Yesterday was bad, I couldn’t maintain a consistent momentum. A very weak day. I prefer not to speak about my experiences. Those are only filled with moment of weaknesses that should not be shared.
Somehow the traffic that I used to talk so much about doesn’t bother much. I am not worried when people overtake me from left and right, I just wonder shall I keep left or right. I only think I must give them space to go ahead, I can wait and go slow. See, this is complete positive approach. Also, there is a Mad House, i visit everyday and it keeps me occupied. To much to an extent, a totalitarian place and people, bound by their own idiosyncrasies. Follow methods and process defined by them – when and where ever they want. The protocols change everyday and the fun part is there are controversies. I couldnt help but just laugh…
I stopped listening to my beloved country songs and switched to a new genre called trance yesterday. It didn’t last long, the lyrics were far more depressing and I altered back to the happy country songs saying “Picture perfect memories scattered all around me now”. Isn’t country so lively, homely, full of warmth. I wonder, how can one enjoy only music and rhythm without any words. Words are so important. Rather without words nothing can be expressed. Guess, trance neutralises everything and doesn’t put you forcibly somewhere, into the mood of the song – a runaway genre.
I am adapting to a fact that made me focus completely and divert the attention to something I like. I figured out it was music. Believing the statement someone once said, “Music is my Life and My life is beautiful” What a coincidence, i am following a triology now. If anyone understood my hilarious comment, i bet they are lucky. I again attempted a trance – a techno this time and it absolutely had no words called “Lost for Words”. It was enjoyable atleast kept my focus intact at work.
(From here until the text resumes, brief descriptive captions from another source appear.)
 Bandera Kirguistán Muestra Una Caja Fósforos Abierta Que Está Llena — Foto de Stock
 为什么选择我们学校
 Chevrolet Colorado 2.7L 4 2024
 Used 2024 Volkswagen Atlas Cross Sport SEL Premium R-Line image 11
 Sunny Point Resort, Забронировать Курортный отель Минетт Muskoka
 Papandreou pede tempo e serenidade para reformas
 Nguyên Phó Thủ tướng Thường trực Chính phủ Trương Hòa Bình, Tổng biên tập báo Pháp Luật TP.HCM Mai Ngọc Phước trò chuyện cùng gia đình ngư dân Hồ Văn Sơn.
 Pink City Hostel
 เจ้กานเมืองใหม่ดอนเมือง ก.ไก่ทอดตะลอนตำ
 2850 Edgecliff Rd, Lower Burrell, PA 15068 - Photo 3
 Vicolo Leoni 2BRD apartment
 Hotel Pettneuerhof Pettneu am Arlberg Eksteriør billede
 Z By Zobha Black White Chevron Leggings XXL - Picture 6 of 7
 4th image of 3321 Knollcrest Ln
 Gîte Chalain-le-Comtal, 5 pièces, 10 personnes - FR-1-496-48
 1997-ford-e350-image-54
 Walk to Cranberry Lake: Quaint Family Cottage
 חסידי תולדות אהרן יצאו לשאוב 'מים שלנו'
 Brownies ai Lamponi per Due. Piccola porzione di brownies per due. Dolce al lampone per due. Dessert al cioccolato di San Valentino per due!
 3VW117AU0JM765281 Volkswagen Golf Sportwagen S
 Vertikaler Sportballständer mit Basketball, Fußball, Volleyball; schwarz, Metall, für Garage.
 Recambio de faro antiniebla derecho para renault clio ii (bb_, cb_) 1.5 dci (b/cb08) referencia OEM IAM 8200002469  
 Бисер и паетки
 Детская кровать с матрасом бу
That reminds me, Glee started last weekend. Those who didn’t catch it, is a musical show that is telecasted every fri-sat on Star world. The musicals are so good that you will fall in love with even Amy Winehouse’s Rehab. Singing ” They try to put me in a rehab, I said no-no” and many funny, weird ones. It is just similar to high school musicals. So popular these days that iTunes current chart busters have Glee and its musicals popping up.
Coming back to the mad house, i must say it is commendable to have no principles and rules. It must be so good to do things with self admired ways. Do anything and no one knows about it, if atleast someone knew the truth – you start a blame game. And the viscious circle continues to grow. At the end no one knows – it was your fault.